Individuals who have knowledge of the fraudulent write-off of bogus business losses are in a position to reap the rewards from such illegal conduct should they report it under the IRS Whistleblower Program. If a business writes off bogus business losses from a transaction and claims a tax refund, for example, such a transaction could constitute fraud and thereby expose the company to a whistleblower action by an insider with knowledge of such fraud. An apparent example of this was reported this week in an article in Information Week describing a federal investigation into the computer services firm, Oracle. According to the article, federal investigators are looking into whether Oracle improperly wrote off a quarter of a billion dollars in losses in the calendar year 2003 for the express purpose of obtaining a massive tax refund. Allegedly, Oracle claimed that it lost $223 million on stock transactions in the calendar year 2003 and applied for a $78 million tax refund. The government’s contention seems to be that the tax write-offs were completely fraudulent because no business losses actually incurred. Allegedly, the stock losses were fraudulently manufactured to support the refund application. If the IRS is correct, Oracle might have to repay to the government $78 million plus penalties and interest on the money.

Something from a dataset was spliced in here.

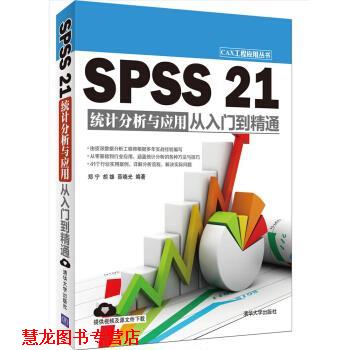 【正版书籍】 SPSS 21统计分析与应用从入门到精通 郑宁,胡雄,薛晓光 著 清华大学出版社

What the article did not say is whether the source of the information about Oracle came from a whistleblower. The stock transactions at issue allegedly occurred in 2003. There does not appear to be a statute of limitations issue. If a whistleblower is the source of the information that started the government’s investigation, under the New IRS Whistleblower Program, the informant could receive up to 30% of the $78 million tax refund plus the same percentage of collected penalties and interest. In short, if the government was unaware of the scheme and learned of the scheme through an informant/whistleblower, then, in that event, if the IRS is successful in its efforts to get the refund back, the whistleblower would then be entitled to a reward because otherwise the government could not have recovered money.

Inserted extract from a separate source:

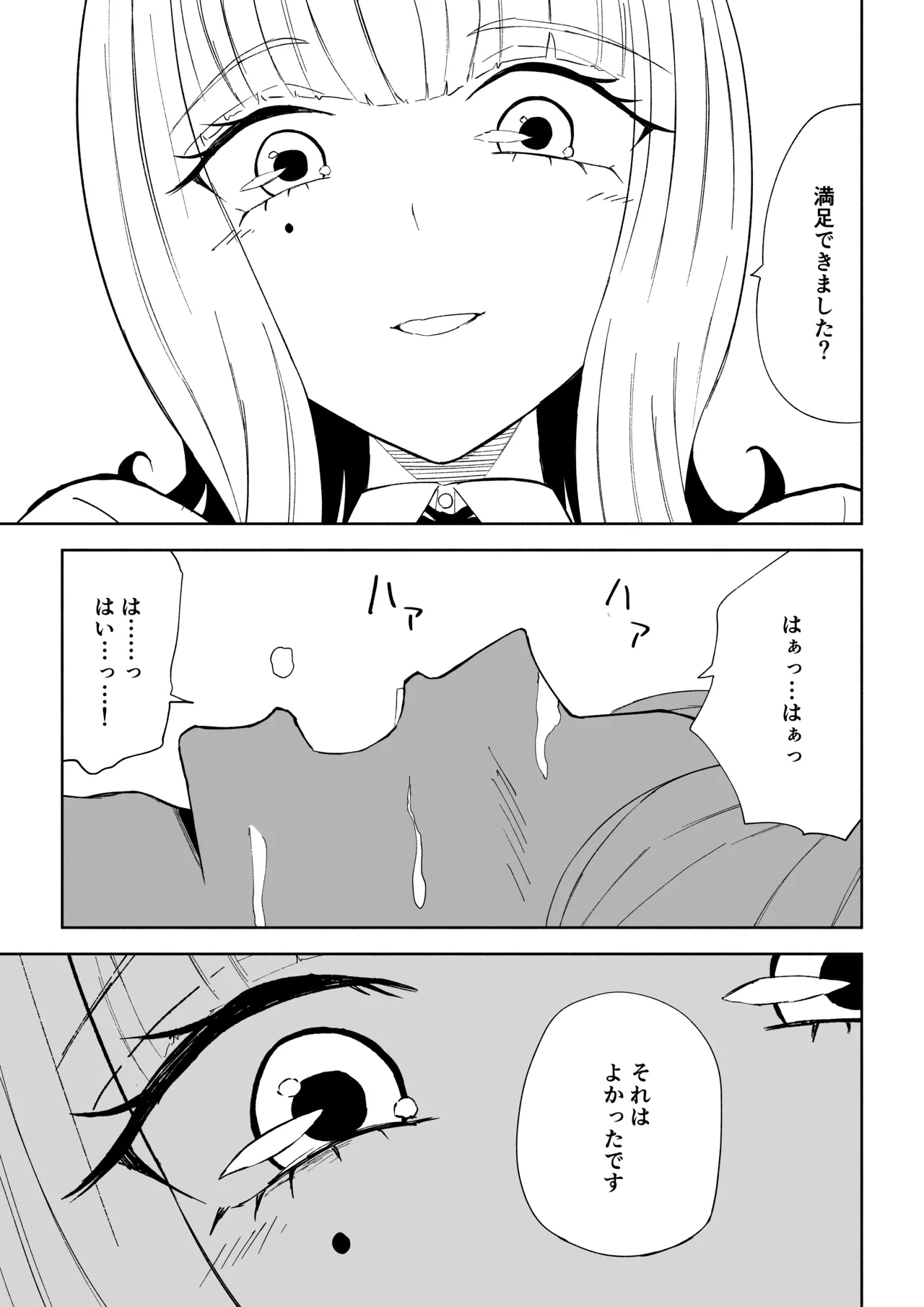 หน้า 49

While, of course, we do not know whether the allegations against Oracle are true and correct, what is noteworthy is that the Internal Revenue Service is clearly interested in investigating cases where businesses have written off large business losses which may be inappropriate. In this case, the appearance is that the write-off was inappropriate because the stock transactions at issue appear to have been manufactured to create a tax loss. Again, whether the allegations are true or not with respect to Oracle, the fact remains that the Internal Revenue Service will investigate such cases and obviously would appreciate assistance from insiders and whistleblowers who are willing to come forward to report possible violations of the tax code.

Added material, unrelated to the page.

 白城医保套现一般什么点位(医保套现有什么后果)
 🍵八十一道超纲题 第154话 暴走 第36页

As we have written previously, the new IRS Whistleblower Program provides significant incentives for whistleblowers to come forward in cases of this nature. (The reward in this case could be in excess of $25 million!) If an insider is aware that his or her employer is falsely deducting from its tax returns manufactured, inflated or otherwise improper business losses, and the tax implications exceed $2 million, such an insider could be eligible to recover 30% of the back taxes, penalties and interest if they come forward under the new IRS Whistleblower Program.

The clients who have been represented by our firm thus far under this new IRS program have impressed us with their integrity and concerns about tax fraud in general. Indeed, as citizens we should all be concerned about tax fraud because it affects each and every one of us. To the extent that an employee is aware of employer misconduct involving tax fraud, we hope that such individuals will not hesitate to expose their employers to the government. Tax cheats deserve to be exposed.